Spatially Resolved Colors and Stellar Population Properties in Early-Type Galaxies at z ~ 1.5

TL;DR

This study investigates color gradients in early-type galaxies at z ~ 1.5, revealing that stellar age variations primarily explain these gradients, with complex stellar population changes also contributing, challenging existing galaxy formation models.

Contribution

It provides the first detailed analysis linking color gradients to stellar population variations in high-redshift ETGs, highlighting the complexity of their formation histories.

Findings

Most galaxies show negative color gradients within R_e.

Stellar age variation explains color gradients in half of the sample.

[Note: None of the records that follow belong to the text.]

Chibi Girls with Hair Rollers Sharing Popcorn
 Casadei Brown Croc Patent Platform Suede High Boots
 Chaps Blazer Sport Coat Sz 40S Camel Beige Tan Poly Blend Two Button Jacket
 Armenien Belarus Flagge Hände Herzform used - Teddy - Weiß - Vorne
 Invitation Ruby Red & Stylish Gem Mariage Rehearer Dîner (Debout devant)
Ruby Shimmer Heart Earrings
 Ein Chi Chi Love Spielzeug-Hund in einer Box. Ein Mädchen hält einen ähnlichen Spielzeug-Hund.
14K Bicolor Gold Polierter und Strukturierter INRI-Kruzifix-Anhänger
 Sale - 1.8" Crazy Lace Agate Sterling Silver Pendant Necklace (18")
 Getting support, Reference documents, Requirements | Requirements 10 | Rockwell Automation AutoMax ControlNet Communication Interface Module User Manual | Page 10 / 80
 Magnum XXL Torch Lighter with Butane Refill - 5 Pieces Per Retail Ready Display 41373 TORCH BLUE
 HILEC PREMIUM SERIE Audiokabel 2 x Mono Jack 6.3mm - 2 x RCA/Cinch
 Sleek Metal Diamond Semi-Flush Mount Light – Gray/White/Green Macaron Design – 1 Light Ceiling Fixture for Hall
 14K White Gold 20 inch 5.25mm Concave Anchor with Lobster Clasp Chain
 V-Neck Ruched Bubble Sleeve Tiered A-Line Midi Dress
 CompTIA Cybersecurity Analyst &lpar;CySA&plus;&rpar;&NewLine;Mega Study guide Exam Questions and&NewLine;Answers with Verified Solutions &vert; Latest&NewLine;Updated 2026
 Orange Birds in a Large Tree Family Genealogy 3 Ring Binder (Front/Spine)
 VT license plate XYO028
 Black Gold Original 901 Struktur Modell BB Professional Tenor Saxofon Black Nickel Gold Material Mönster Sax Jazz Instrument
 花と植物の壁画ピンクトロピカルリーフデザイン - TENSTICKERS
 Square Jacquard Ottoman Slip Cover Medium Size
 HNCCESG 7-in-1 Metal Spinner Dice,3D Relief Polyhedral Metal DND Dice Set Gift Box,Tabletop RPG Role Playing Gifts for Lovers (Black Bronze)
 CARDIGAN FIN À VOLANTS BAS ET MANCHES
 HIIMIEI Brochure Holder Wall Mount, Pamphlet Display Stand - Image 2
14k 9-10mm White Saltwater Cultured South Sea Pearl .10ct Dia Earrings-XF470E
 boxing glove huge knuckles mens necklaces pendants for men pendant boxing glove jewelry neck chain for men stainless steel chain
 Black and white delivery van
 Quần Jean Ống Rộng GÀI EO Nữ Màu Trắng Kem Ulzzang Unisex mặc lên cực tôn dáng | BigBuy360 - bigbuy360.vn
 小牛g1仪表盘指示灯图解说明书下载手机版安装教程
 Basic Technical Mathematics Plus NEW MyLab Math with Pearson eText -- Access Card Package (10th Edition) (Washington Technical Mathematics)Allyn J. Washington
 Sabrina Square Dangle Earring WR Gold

Existing galaxy formation models cannot fully explain the observed gradients.

Abstract

We present F850LP-F160W color gradients for 11 early-type galaxies (ETGs) at 1.0<z_spec<1.9. Significant negative F850LP-F160W color gradients have been detected in ~70% of our sample within the effective radius R_e, the remaining 30% having a flat color profile. Extending the analysis at R>R_e we have found that the fraction of high-z ETGs with negative F850LP-F160W color gradients rises up to 100%. For each galaxy, we investigate the origin of the radial color variation with a technique based on the matching of both the spatially resolved color and the global spectral energy distribution (SED) to predictions of composite stellar population models. In fact, we find that the age of the stellar populations is the only parameter whose radial variation alone can fully account for the observed color gradients and global SEDs for half of the galaxies in our sample (6 ETGs), without the need of radial variation of any other stellar population property. For four out of these six ETGs, a pure metallicity variation can also reproduce the detected color gradients. Nonetheless, a minor contribution to the observed color gradients from radial variation of star-formation time scale, abundance of low-to-high mass stars and dust cannot be completely ruled out. For the remaining half of the sample, our analysis suggests a more complex scenario whereby more properties of the stellar populations need to simultaneously vary to generate the observed color gradients and global SED. Our results show that, despite the young mean age of our galaxies (<3-4 Gyr), they already exhibit significant differences among their stellar content. We have discussed our results within the framework of the widest accepted scenarios of galaxy formation and conclude that none of them can satisfactorily account for the observed distribution of color gradients and for the spatially resolved content of high-z ETGs.